Folha
Na semana que passou tivemos a divulgação da inflação de julho para a economia americana. A inflação foi de 0% ante junho e, em 12 meses, diminuiu de 9,1% em junho para 8,5% em julho. Começa o processo de redução da inflação cheia nos Estados Unidos. A queda foi liderada pelo preço das matérias-primas de energia, com deflação em julho de 7,6%.
Há muita reversão de choques de preços para ocorrer nos próximos meses. Por exemplo, a inflação de alimentos fechou julho a 11% em 12 meses.
A taxa básica de juros fixada pelo Banco Central deles, o Fed, após a elevação de 0,75 ponto percentual na reunião de final de julho, encontra-se no intervalo entre 2,25% e 2,5%. Tudo sugere que o ciclo de alta da taxa básica, conhecida por Fed Funds, irá até o intervalo de 3,75% a 4%. Em algum momento no primeiro trimestre de 2023 o Fed encerrará o ciclo de alta.
A dúvida maior é o grau de inércia na inflação no final do primeiro trimestre de 2023. Uma outra maneira de olhar o problema é sabermos em que nível a inflação se estabilizará após a reversão dos choques. Provavelmente em uma faixa entre 3% e 5%. Exatamente em que valor ninguém sabe. Há sinais de que o processo inflacionário está muito disseminado. Nos últimos 12 meses, a mediana das taxas de variação dos diversos itens que compõem o IPCA deles elevou-se 6,7%.
Se em março de 2023 descobrirmos que a inflação está próxima de 3% e as expectativas 12 meses à frente apontam inflação na casa de 2,5%, o Fed –dado que a meta é 2% e que nos últimos anos aumentou a tolerância do BC dos EUA com desvios da meta para maior– pode começar um ciclo de normalização da taxa de juros. O custo em termos de desemprego da desinflação terá sido muito baixo. Será uma excelente notícia.
Se, por outro lado, em março de 2023 a inflação se estabilizar em 5% e as expectativas 12 meses à frente estiverem na casa de 3,5% ou mais, o Fed não poderá parar o ciclo de elevação da taxa básica de juros. Será necessária uma desaceleração mais acentuada da economia americana para que a taxa de desemprego suba e, consequentemente, se quebre a inércia e a inflação caia.
No primeiro semestre a economia americana recuou 2,5%: 1,6% no primeiro trimestre e 0,9% no segundo. No primeiro trimestre, o recuo ocorreu em função de dificuldades de a oferta atender à demanda privada, visto que esta cresceu 2,5%. No segundo trimestre houve queda no investimento imobiliário e no consumo de bens. No entanto, o consumo de serviços cresceu acima de 4%. Adicionalmente, parcela significativa da demanda no segundo trimestre foi atendida por queda dos estoques, que retiraram 2 pontos percentuais do crescimento.

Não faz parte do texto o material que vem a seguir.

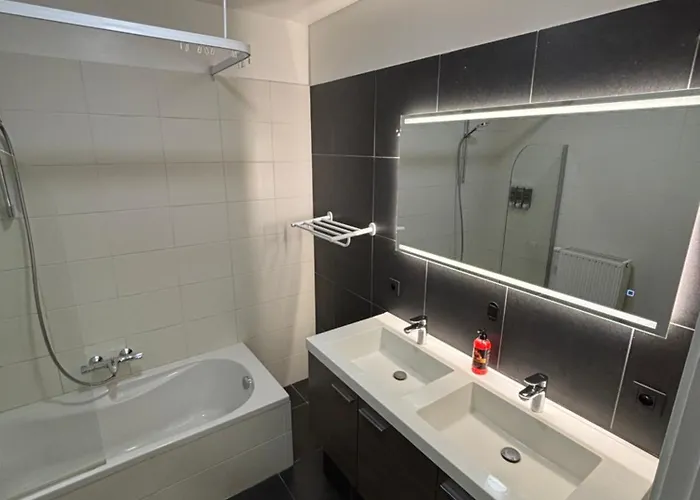 Stylish, Modern & Spacious In דירה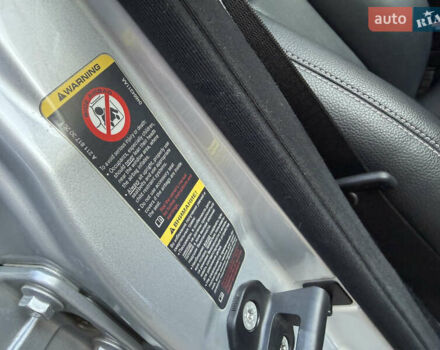 Сірий Мерседес Е-Клас, об'ємом двигуна 1.8 л та пробігом 240 тис. км за 9000 $, фото 63 на Automoto.ua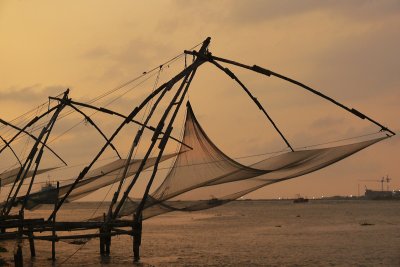 Fishing nets Cochin.jpg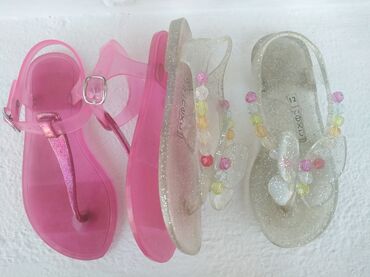 deichmann sandale ravne: Sandals, C&A, Size - 30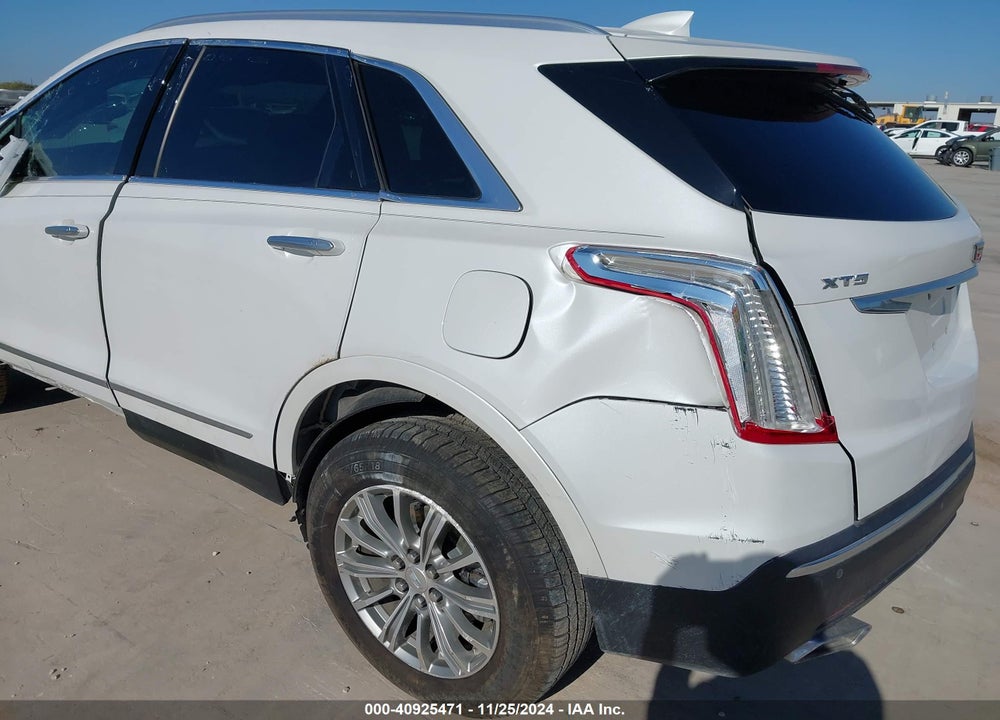2017 CADILLAC XT5 LUXURY VIN: 1GYKNBRSXHZ190093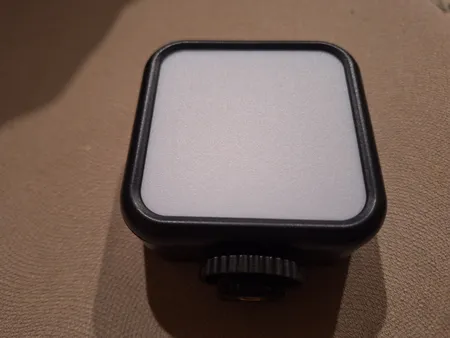 نور ثابت ال ای دی زومی مدل WL-R1 RGB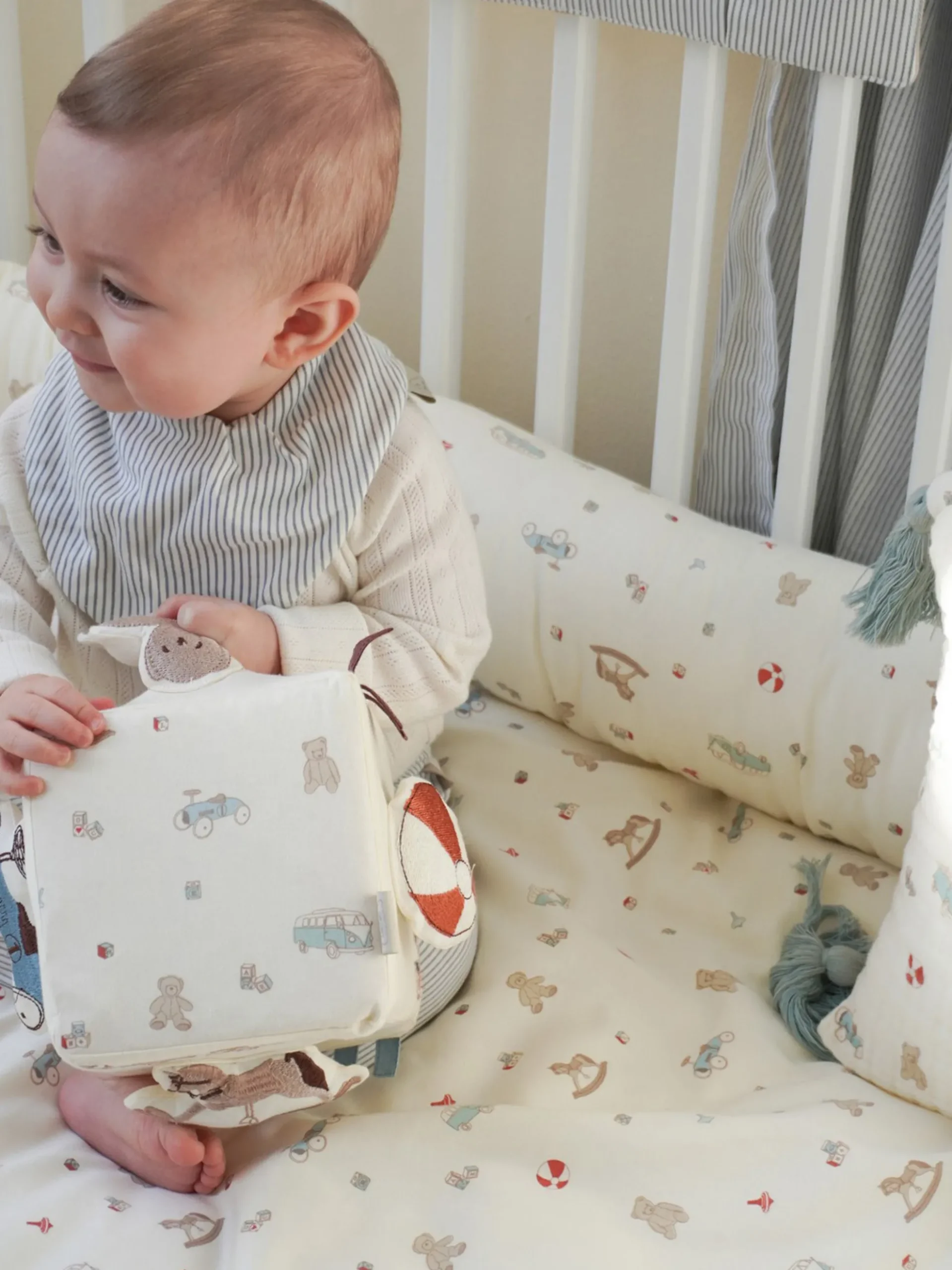 Cubo attività in cotone organico per bambini Vintage Toys
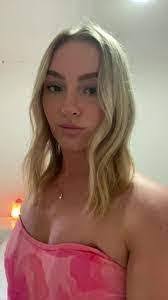 Crystal Beacham's Instagram, Twitter & Facebook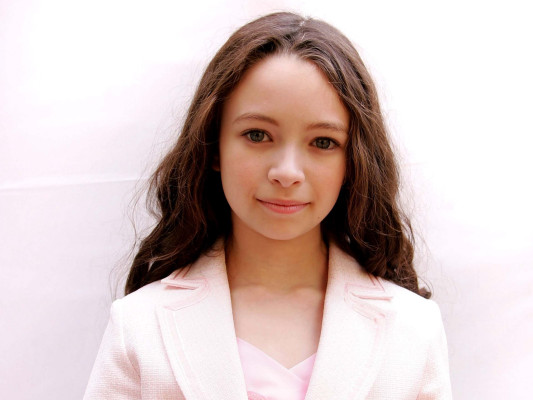 photo 5 in Jodelle Ferland gallery [id236638] 2010-02-17 00:00:00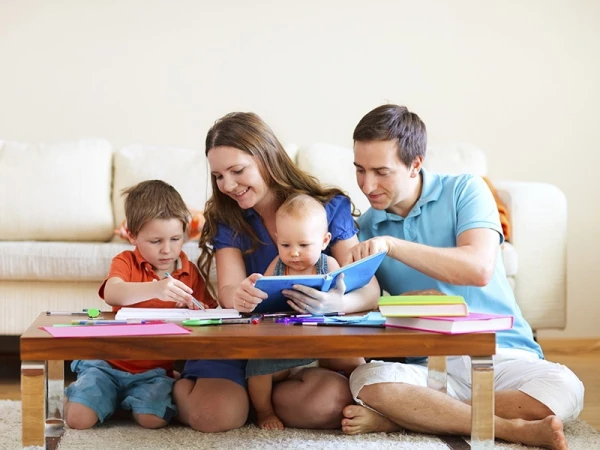 Reģionālos pasākumos vecākus informēs par bērnu audzināšanu un attiecībām ģimenē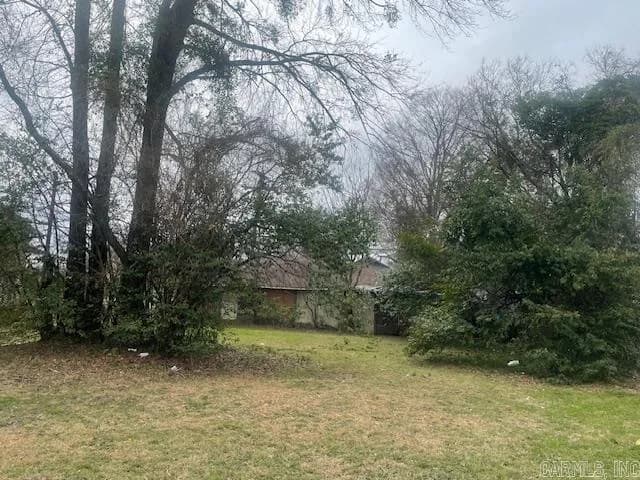 Property at 915  Pecan - Image 5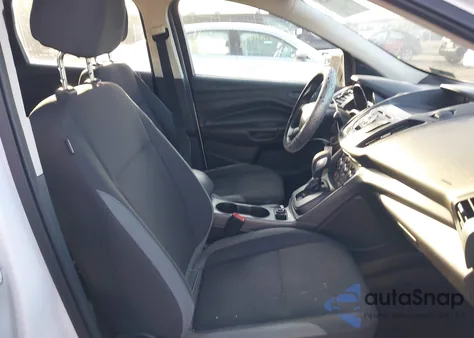 2016 Ford Escape S z USA, uszkodzony, nr VIN 1FMCU0F75GUB31994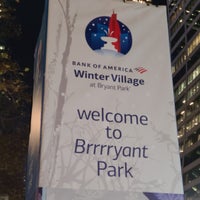 Foto scattata a Bank of America Winter Village at Bryant Park da Deborah S. il 12/21/2022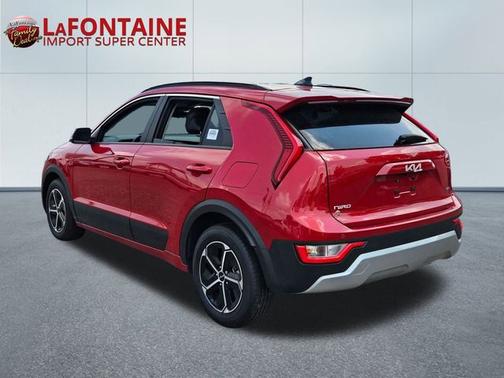 2024 Kia Niro EX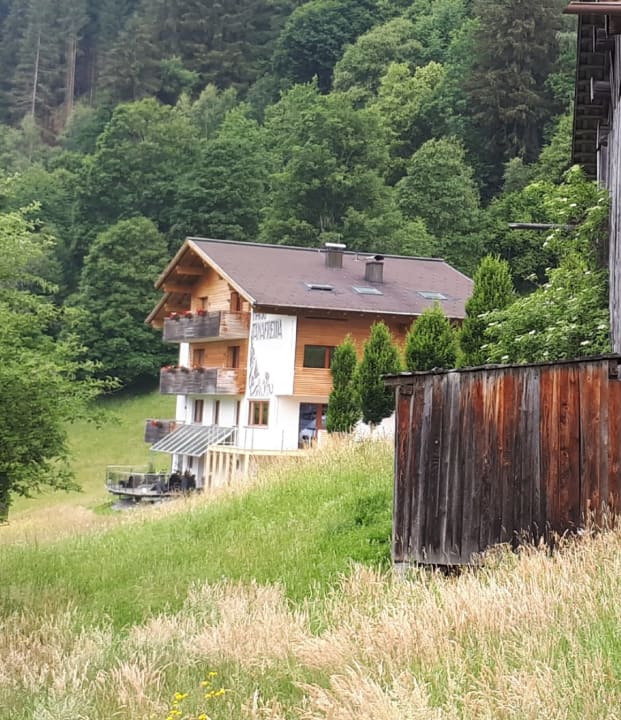 Außenansicht Tanafreida Berg-Refugium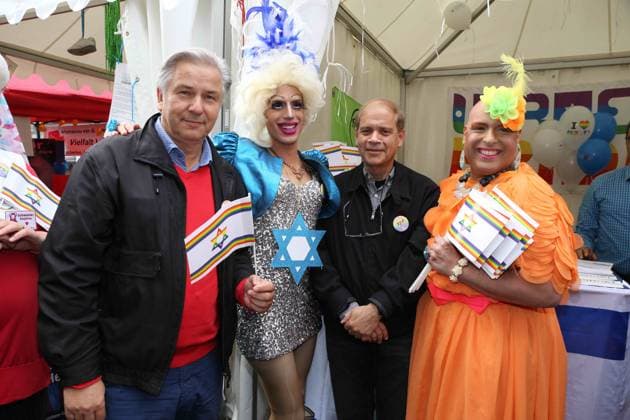 Klaus Wowereit und Yakov Hadas-Handelsman der Israelische Botschafter auf dem 23. Lesbisch - schwules Stadtfest am 20 21.06.2015 am Nollendorfplatz, Berlin. Berlin Germany *** Klaus Wowereit and Yakov Hadas HANDELSMAN the Israeli Ambassador at the 23 lesbian Gay City festival on 20 21 06 2015 on Nollendorfplatz, Berlin Berlin Germany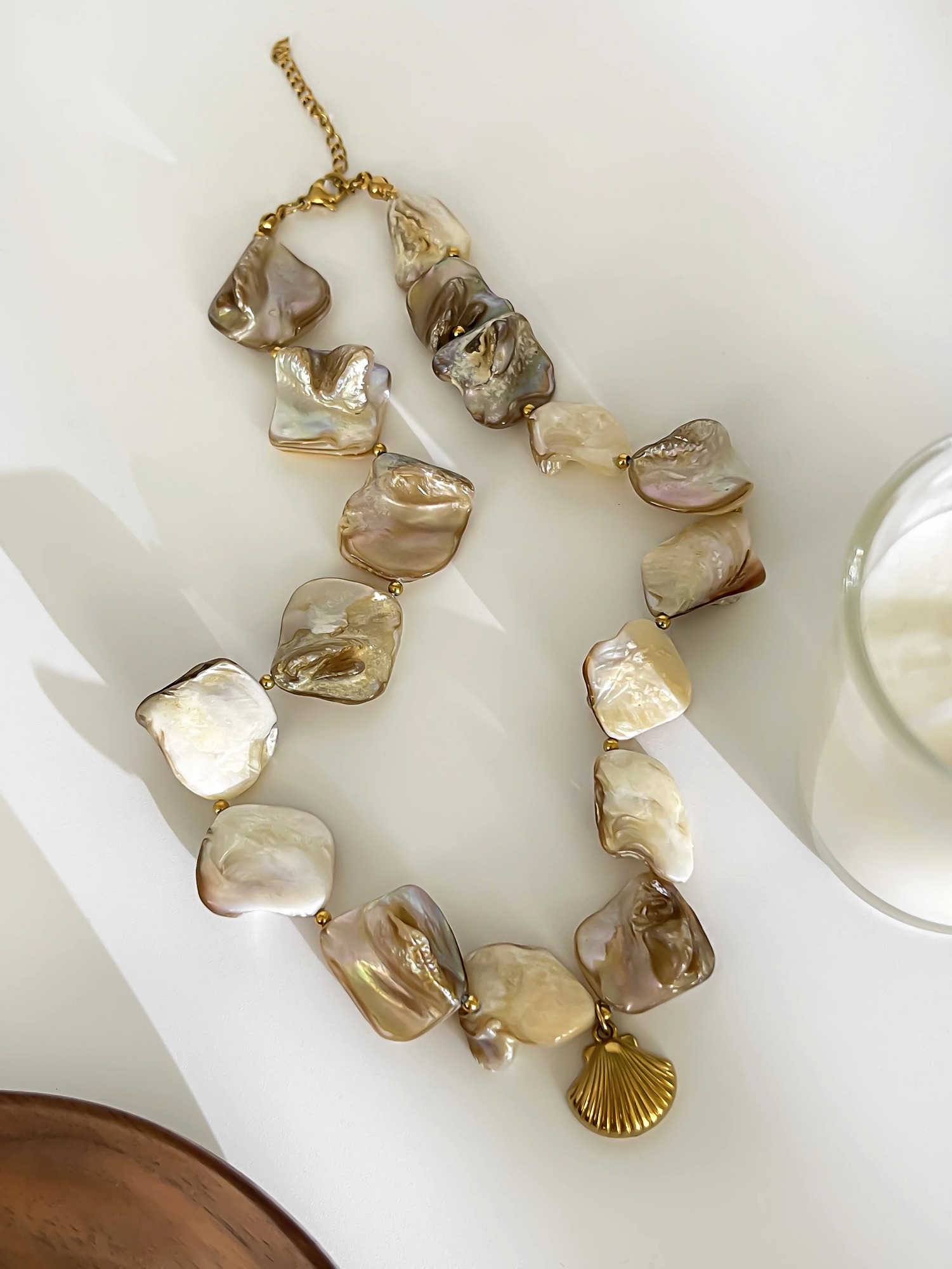 Perisbox Bohemian Trendy Natural Shell Choker Necklace for Women 18K Gold Plated Seashell Pendant Necklaces Beach Party Jewelry 250520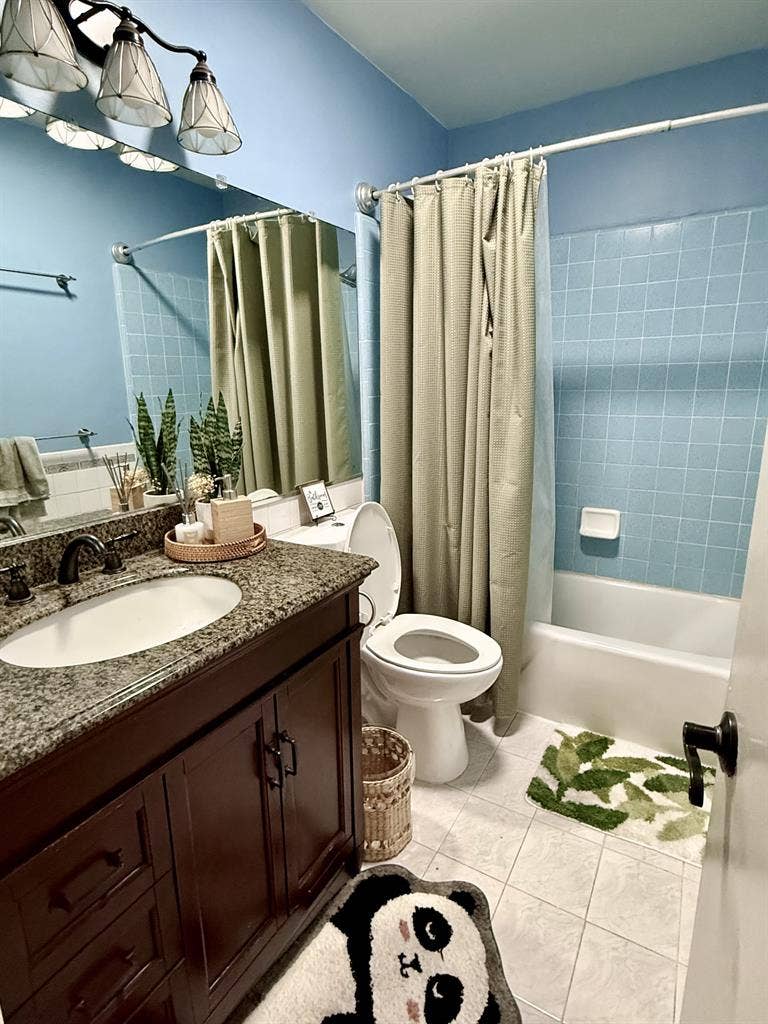 Private room for rent in hermosa!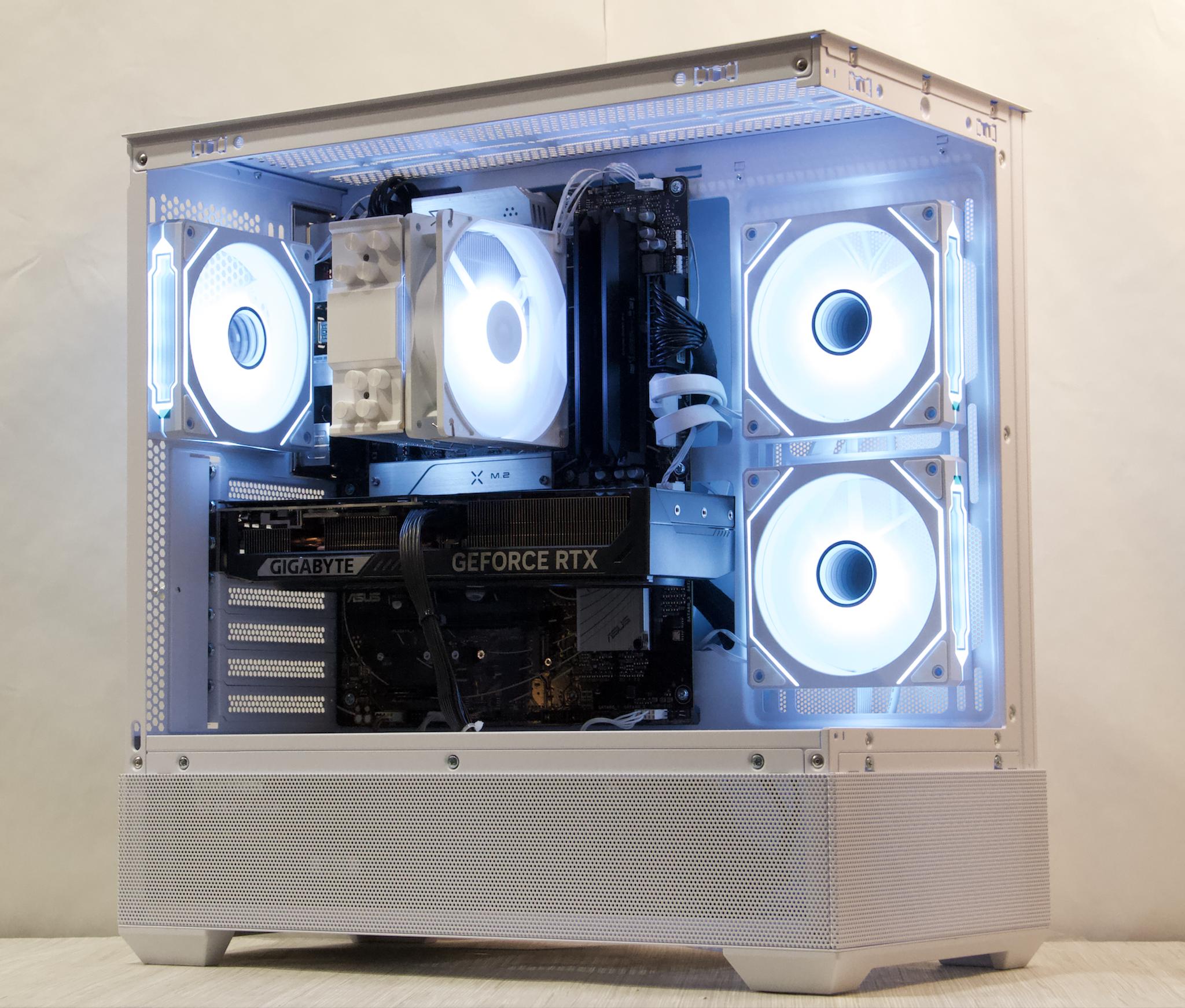 RTX 5070, Ryzen 5 9600X, 32GB DDR5, 2TB NVMe SSD, WiFi - Custom Gaming PC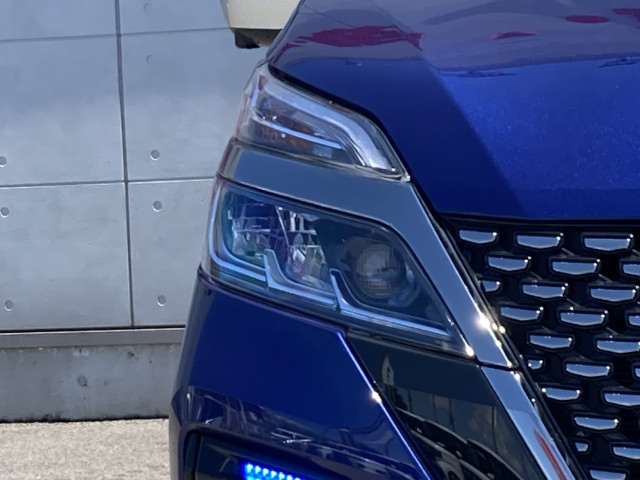 日産 セレナ １．２ Ｅ－ＰＯＷＥＲ ＡＵＴＥＣＨ スポーツスペック R2年 (四国) 99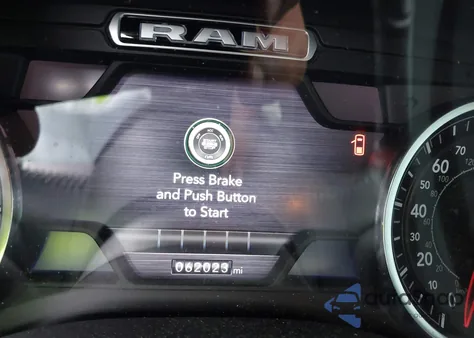 2021 Ram 1500 Big Horn 4X4 5'7 Box z USA, uszkodzony, nr VIN 1C6SRFFT1MN721561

Dessa forma, não parece que a “recessão técnica” no primeiro semestre tenha sido de fato uma recessão fruto de carência de demanda agregada. Muito pelo contrário. Parece ter havido dificuldade de a oferta atender à demanda, consequência ainda da desorganização das cadeias produtivas globais e da guerra.
Também houve quedas, no segundo trimestre, no investimento imobiliário e no consumo de bens duráveis, em função da alta fortíssima desses segmentos na recuperação após a parada brusca da economia no segundo trimestre de 2020. Mesmo considerando a queda no segundo trimestre, o investimento imobiliário ainda roda 10% acima do nível observado no final de 2019 e o consumo de duráveis, 22% acima, para uma economia que está 2% acima.
E os dados de mercado de trabalho não apontam nenhuma acomodação. Em julho houve criação de mais de 500 mil empregos e os salários têm subido. Segundo o acompanhamento dos salários conduzido pela unidade do Fed de Atlanta, que limpa os resultados de movimentos provocados apenas por alterações na composição da força de trabalho, em julho os salários nominais elevaram-se 6% em 12 meses e 7% nos últimos três meses. Para aqueles trabalhadores que mudaram de emprego, os números são de respectivamente 6,7% e 8,5%.
Não parece que a desinflação será indolor.